Edipo‘s jacket calls Bettini “essayist, novelist, professor of Classical philology” and a contributor to Rome’s daily La Repubblica. The expectation that B. might offer something other than dry and dusty scholarship is only encouraged by his prize-winning 1998 book Nascere. Storie di donne, donnole, madri ed eroi. “Donnola” means “weasel,” and a pert, snow white representative of that species graces B.’s cover. In Edipo‘s opening pages, B. imaginatively recreates how a modern Sophokles is inspired to write his Oedipus. Presumably because film is our closest analogue to ancient Greek drama, B.’s “Kles Sóphos” visits the film director Apollonius, the formidable blond Dr. Delf…, and outlines a plot for his new story, partly derived from a comic book. Baby Oedipus is seized by a slave and sold in Corinth; long afterwards, when he discovers the truth, he kills himself. In a dark and magical stage setting, Apollonius—with some help from K. S.—rewrites this script, building the basic story and also a drama as a prophet reveals the truth from the start. At the end, Apollonius proclaims Oedipus’s character full of hate, and not only at the fortune that crushed him. He kills without hesitation; he blinds himself to make others suffer; through hatred he means to kill his mother. As B.’s scenario recreates Sophokles’ ancient tale, hatred is B.’s dark vision of Oedipus’s emotional, passionate character for Sophokles.
It is right that Edipo begin with Sophokles’ play, as most people thus know Oedipus. Otherwise, literature only later becomes a focus for this study. Guidorizzi begins with a systematic, synthetic analysis of the elements of O.’s myths. As his prologue indicates, there is not one O. but “a forest of tales,” from the tribal O. of archaic myth down through the medieval Christian O., Nietzsche’s Dionysiac O., and Freud’s everyman O., for whom as for us “blame becomes necessity and Fate is transformed into the Subconscious” (34), in a struggle not against choice or destiny, but against a part of his psyche that he is ignorant of but irresistibly drawn to. Yet although many stories parallel the Greek myth of O., they are not Greek myths and perhaps not myths. Thus for example, “Greek myth tends not to illustrate the game of chance or the inscrutable work of Providence which casts a man into the abyss then to glorify him” (40). G.’s subject is O., and the main components of O.’s story.

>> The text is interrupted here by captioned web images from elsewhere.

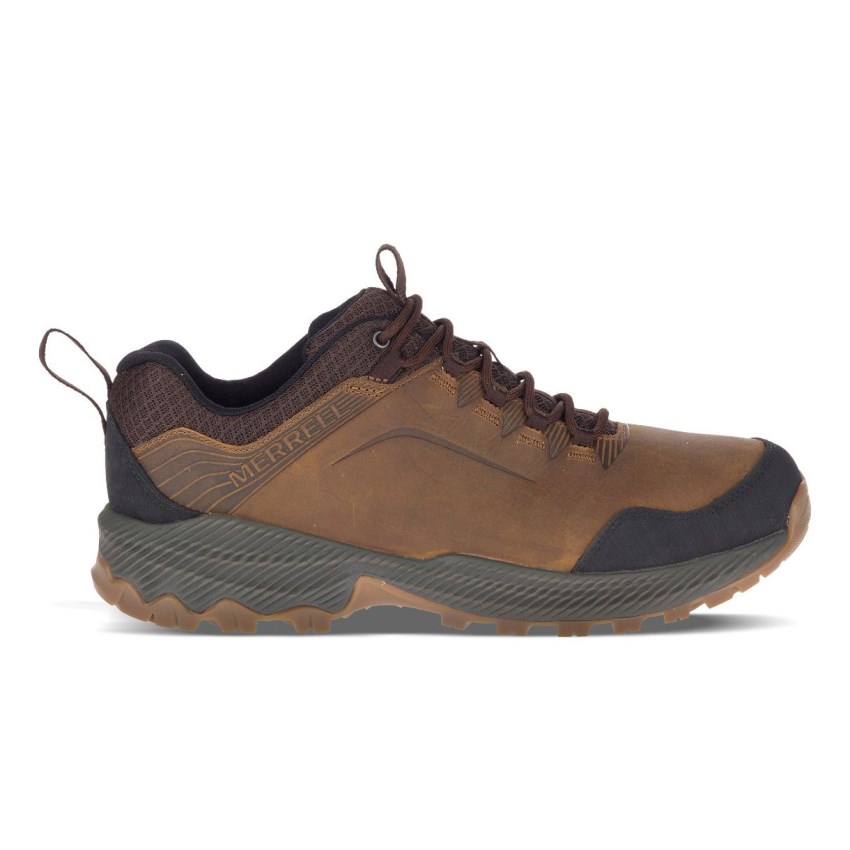 Chaussures Randonnée Merrell Forestbound Marron Homme | D.I.SIHR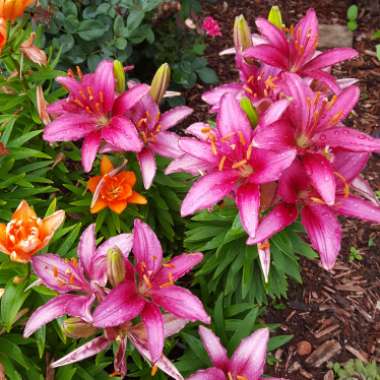 Lily (Asiatic)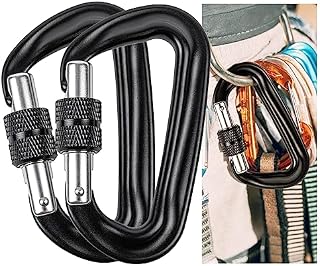 ALPINISTA Carabiner Clip Heavy Duty, Climbing Carabiner 12 KN, Small Keyring Locking Carabiner, Mini Aluminum Carabiner Cilps, 2 Pack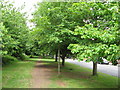 Footpath beside Sully Terrace, Penarth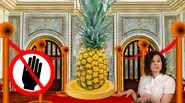 Historical Food Flexes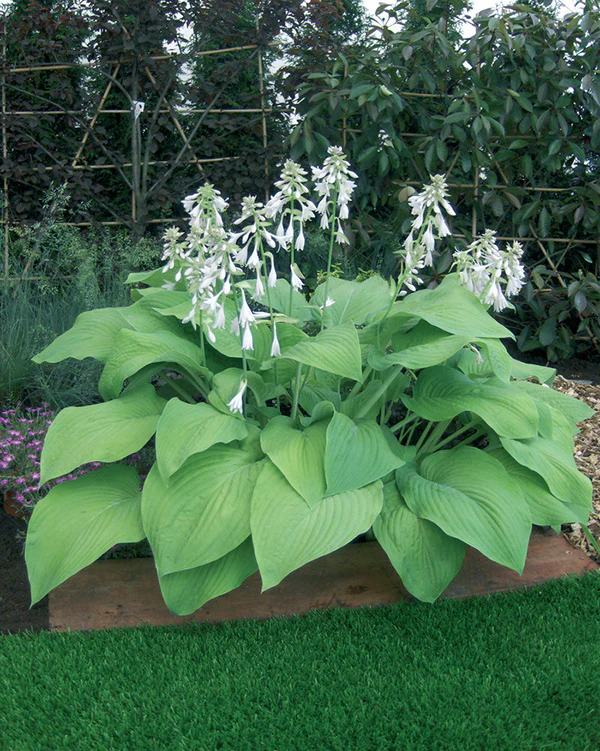 Hosta - T Rex, 1 Pack - Image 3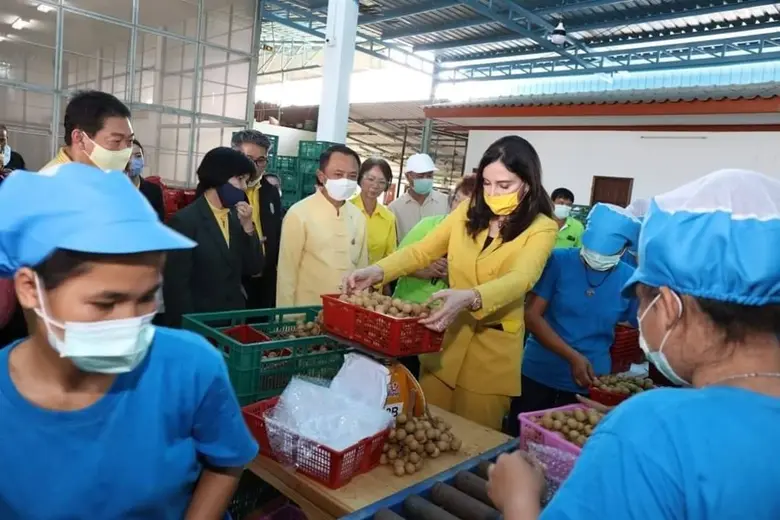 นางสาวมนัญญา ไทยเศรษฐ์ รัฐมนตรีช่วยว่าการ...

I. “La carriera di Laio” begins with the striking resemblances and narrative parallels between O. and his father. Each knew exile as a boy, each tried to escape his destiny predicted by an oracle, each shed the blood of a relative, and each became king and slept with the same woman, siring offspring both cursed and destined for self destruction (43). But Laios is more purely dark than O. He raped his host Pelops’s son (he is reported to have invented male homosexuality: n. 12), thus violating aristocratic norms of initiation. Intoxicated, he defied the Delphic oracle by impregnating his wife, thus also endangering the community where he was king. Finally, he tried to kill his son. Seeking to prevent natural succession is a recognized psychological syndrome (the “Laios complex”: n. 31) which myth expresses as fate. Laios stands as the model of paternal violence. “Bad guest, bad initiator, bad husband, bad father” (55), he was unable to manage any social relations in a balanced way.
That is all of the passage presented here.